• [What you are asked to do]: All entries below must be written out verbatim, and the images must be dropped.

• [Data supplied]:
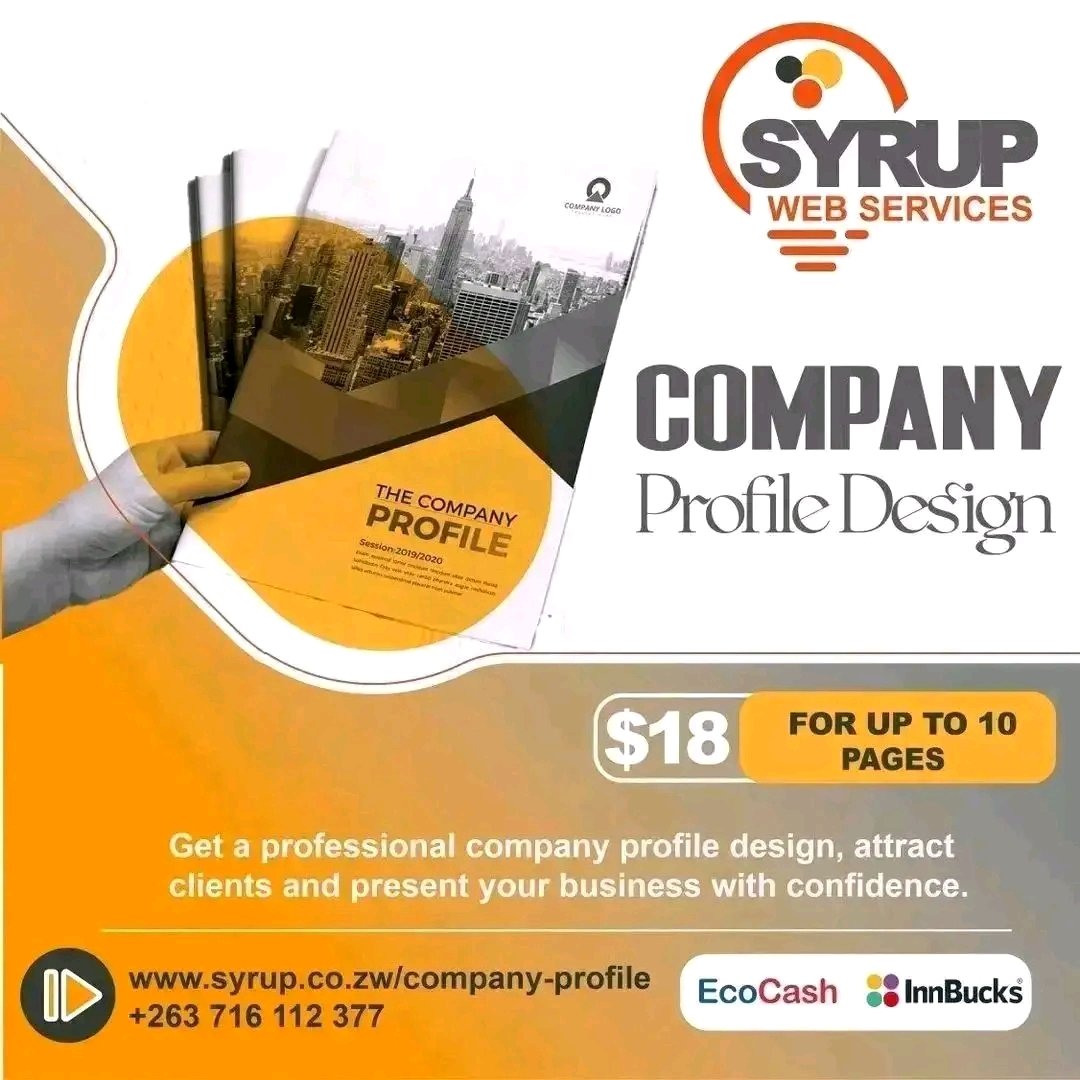 SyrupWeb's tweet photo. Are you planning to submit a tender on PRAZ? Make your business stand out with a professionally designed Company Profile! 
Only $18 for up to 10 pages, delivered within 24 hours.
📞 WhatsApp/Call: +263 716 112 377
For samples visit https://t.co/5t5J4PWqSf⁠
#CompanyProfile https://t.co/sarSA7jYNT
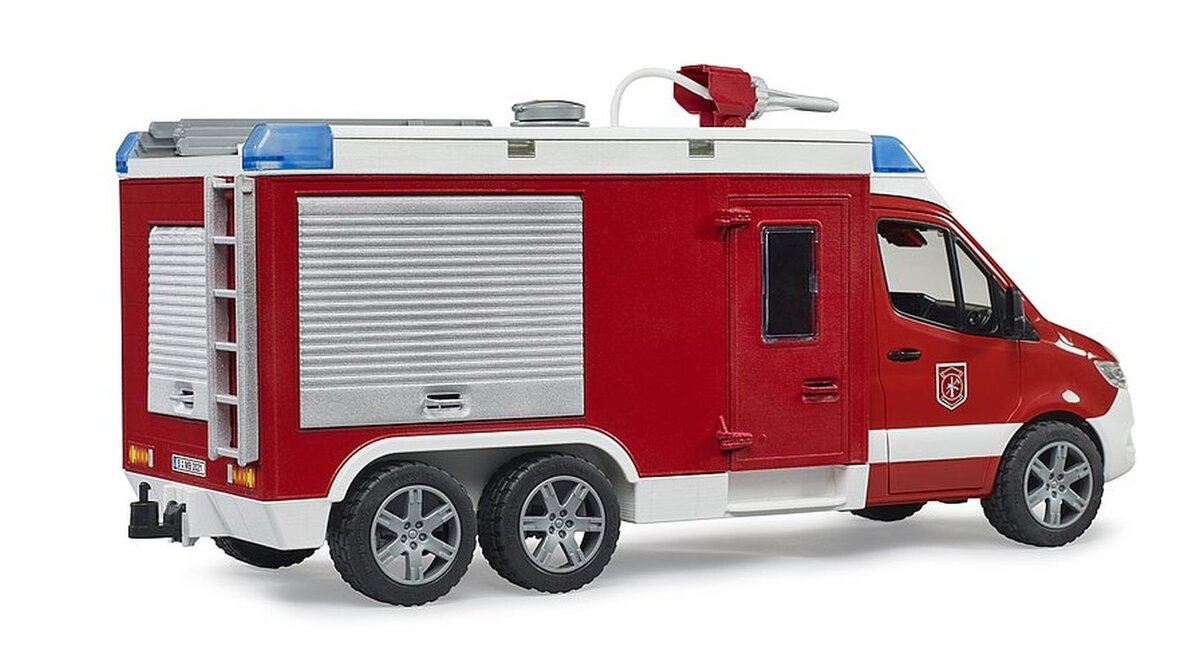BRUDER 02680 - MB Sprinter Feuerwehrrüstwagen mit Light & Sound Modul Transport, Fahrzeug, Maschine, Rad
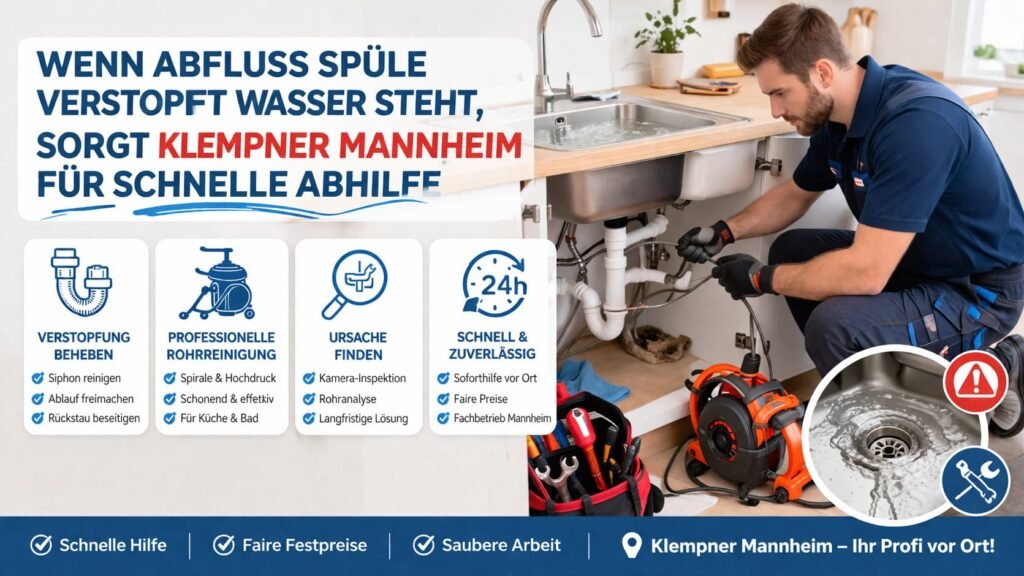 Klempner repariert verstopften Küchenabfluss mit stehendem Wasser in Mannheim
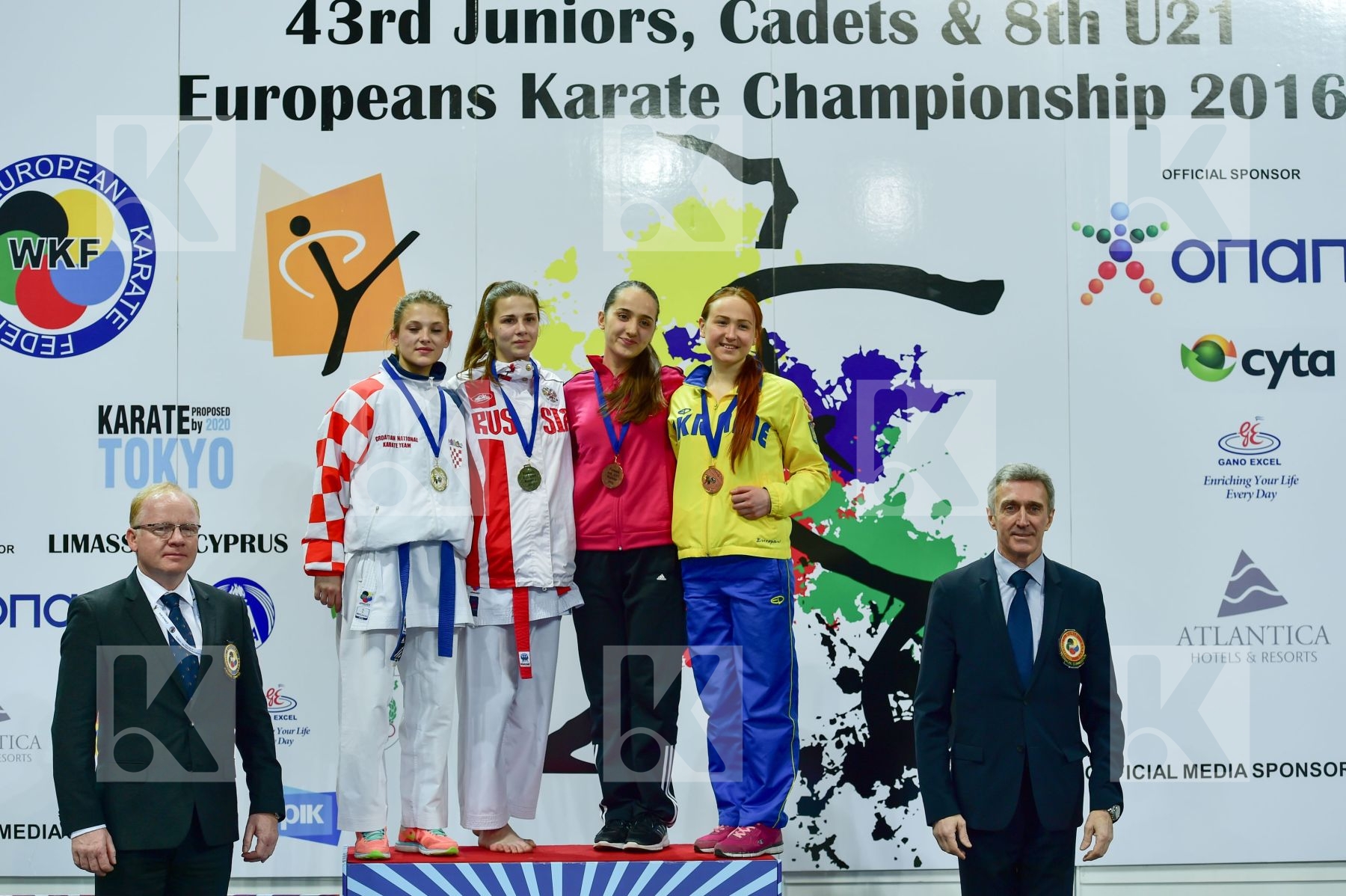 Photo taken during podium of European Cadet, Junior & U21 champi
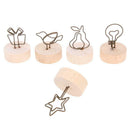 9pcs Round Wooden Base Memo Photo Holder Card Paper Note Clip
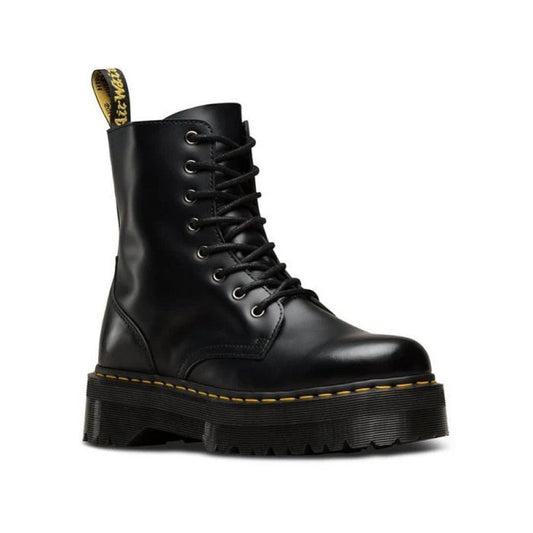 Image of right foot, side on of Dr Martens - Jadon Polished Smooth Boot 8 up platform -Foot Forward Shoes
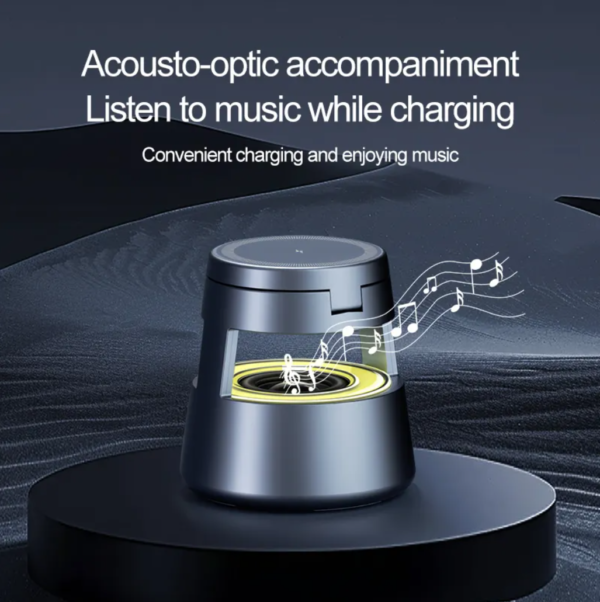 5 in 1 Charging Station,Magnetic Wireless Charger with Night Light & Speaker for Apple MagSafe Charger Stand,Foldable Nightstand Charging Station for iPhone,Airpods,Watch - 图片 4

• [Result]:
 SyrupWeb's tweet photo. Are you planning to submit a tender on PRAZ? Make your business stand out with a professionally designed Company Profile! 
Only $18 for up to 10 pages, delivered within 24 hours.
📞 WhatsApp/Call: +263 716 112 377
For samples visit https://t.co/5t5J4PWqSf⁠
#CompanyProfile https://t.co/sarSA7jYNT
BRUDER 02680 - MB Sprinter Feuerwehrrüstwagen mit Light & Sound Modul Transport, Fahrzeug, Maschine, Rad
 Klempner repariert verstopften Küchenabfluss mit stehendem Wasser in Mannheim
 Photo taken during podium of European Cadet, Junior & U21 champi
 9pcs Round Wooden Base Memo Photo Holder Card Paper Note Clip
 Image of right foot, side on of Dr Martens - Jadon Polished Smooth Boot 8 up platform -Foot Forward Shoes
 5 in 1 Charging Station,Magnetic Wireless Charger with Night Light & Speaker for Apple MagSafe Charger Stand,Foldable Nightstand Charging Station for iPhone,Airpods,Watch - 图片 4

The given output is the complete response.